*Required work:* In the entries below, find the line with "Ann Taylor Factory" and the line with "Glass Wholesale 400ml"; reproduce those two lines and all lines between them exactly, without pictures.

[Extracted records]
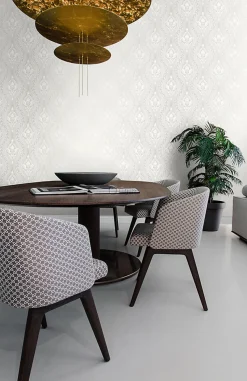Origin Wallcoverings papier peint à dessin baroque en velours blanc - 53 cm x 10.05 m - 346601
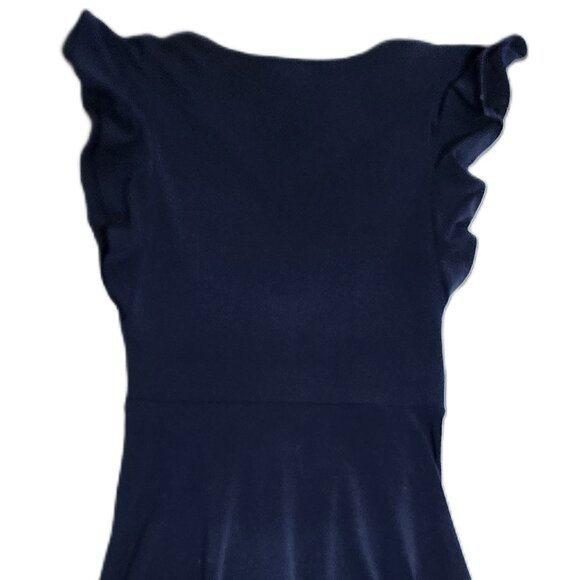 Ann Taylor Factory Women Size XXSP Navy V Neck Flutter Sleeve A Line Dress - Picture 6 of 7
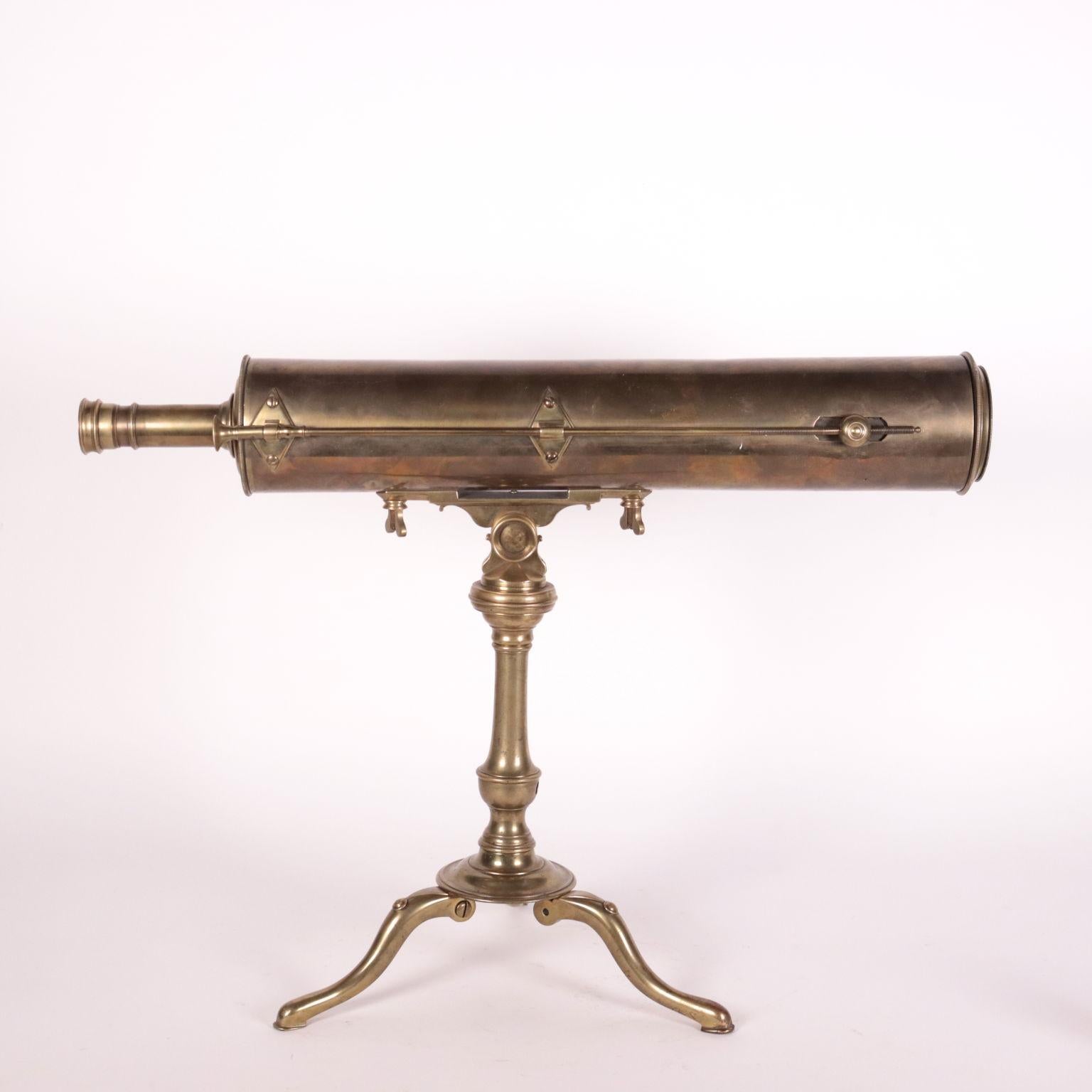 19th Century Tabletop Reflector Telescope B. Martin Brass Glass London England, 1800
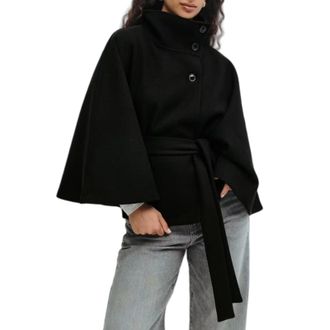 Generic Women Batwing Sleeve Ponchos Pea Coat, Oversized Belted Trendy Casual Stand Collar Cloak Cape Coats (Black,S)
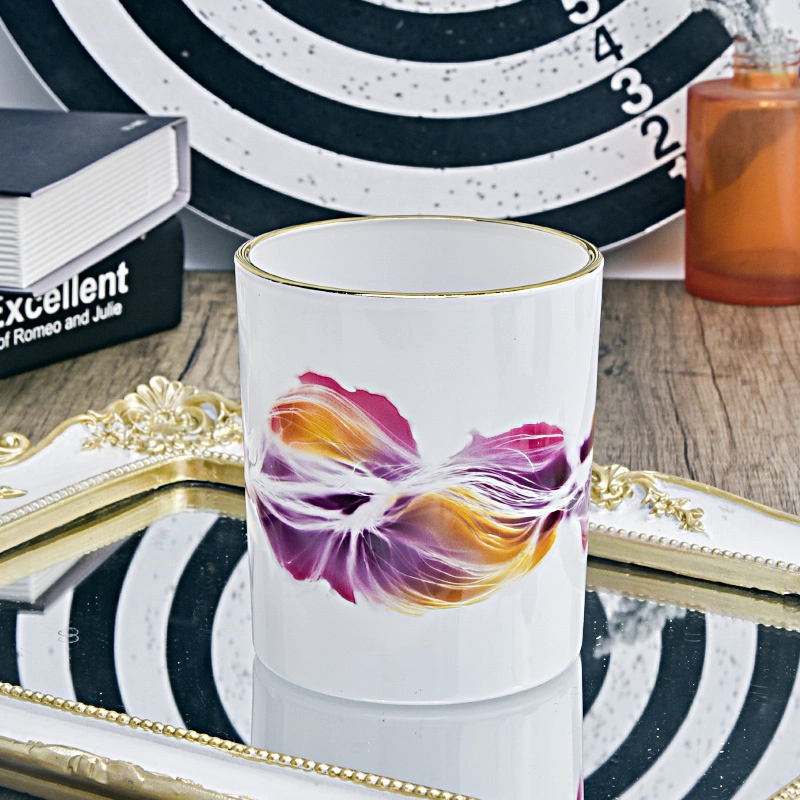 400ml Custom Printing Glass Candle Jars White Candle Glass Wholesale 400ml Custom Printing Glass Candle Jars White Candle Glass Wholesale
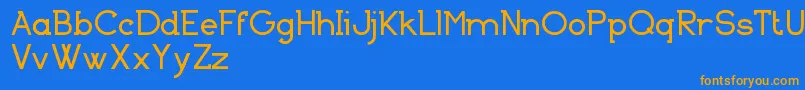 BasicallySerifFreeVersion Font – Orange Fonts on Blue Background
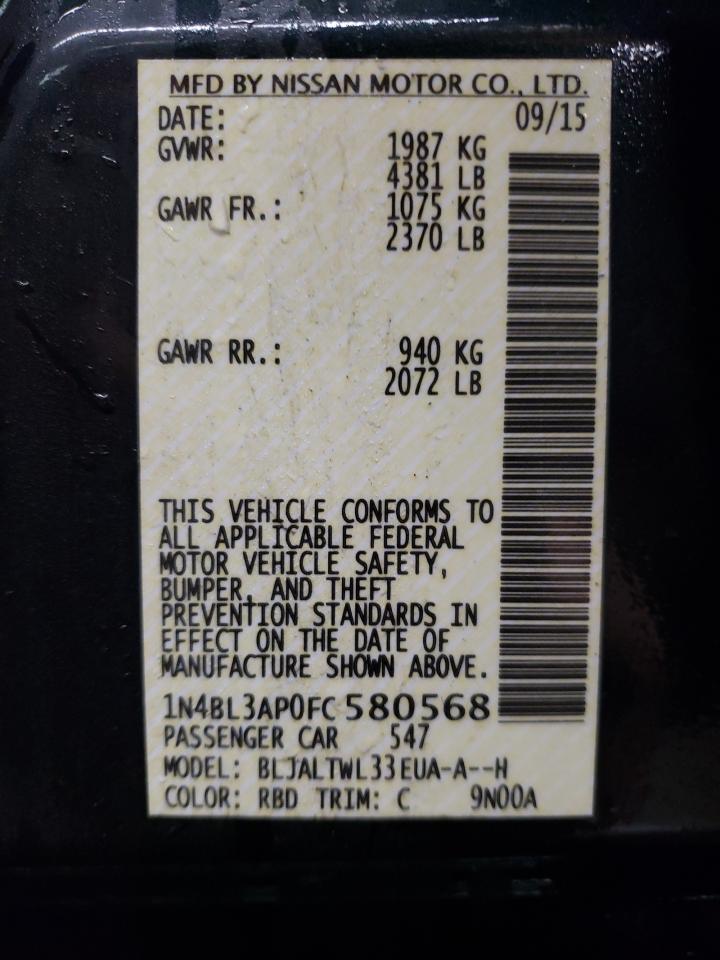 Photo 10 from auction – 2015 NISSAN ALTIMA 3.5 with VIN 1N4BL3AP0FC580568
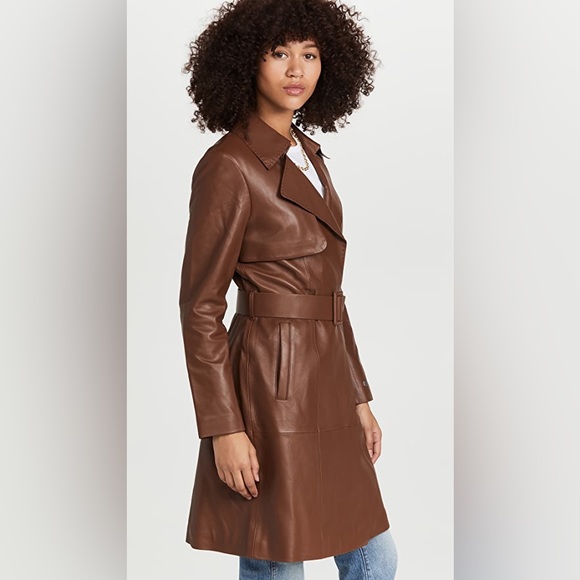 NEW - SOIA & KYO Alexis Genuine Leather Trench Coat - Picture 3 of 5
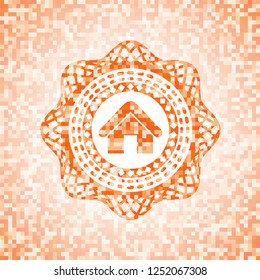 home icon inside abstract orange mosaic emblem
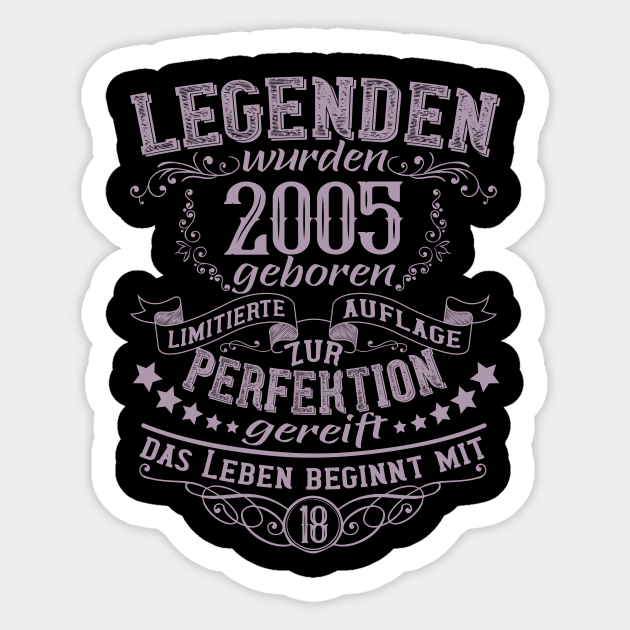 Legenden wurden 2005 geboren 18. Geburtstag Sprüche Geschenk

*Solution for this task:*
 Ann Taylor Factory Women Size XXSP Navy V Neck Flutter Sleeve A Line Dress - Picture 6 of 7
 19th Century Tabletop Reflector Telescope B. Martin Brass Glass London England, 1800
 Generic Women Batwing Sleeve Ponchos Pea Coat, Oversized Belted Trendy Casual Stand Collar Cloak Cape Coats (Black,S)
 400ml Custom Printing Glass Candle Jars White Candle Glass Wholesale 400ml Custom Printing Glass Candle Jars White Candle Glass Wholesale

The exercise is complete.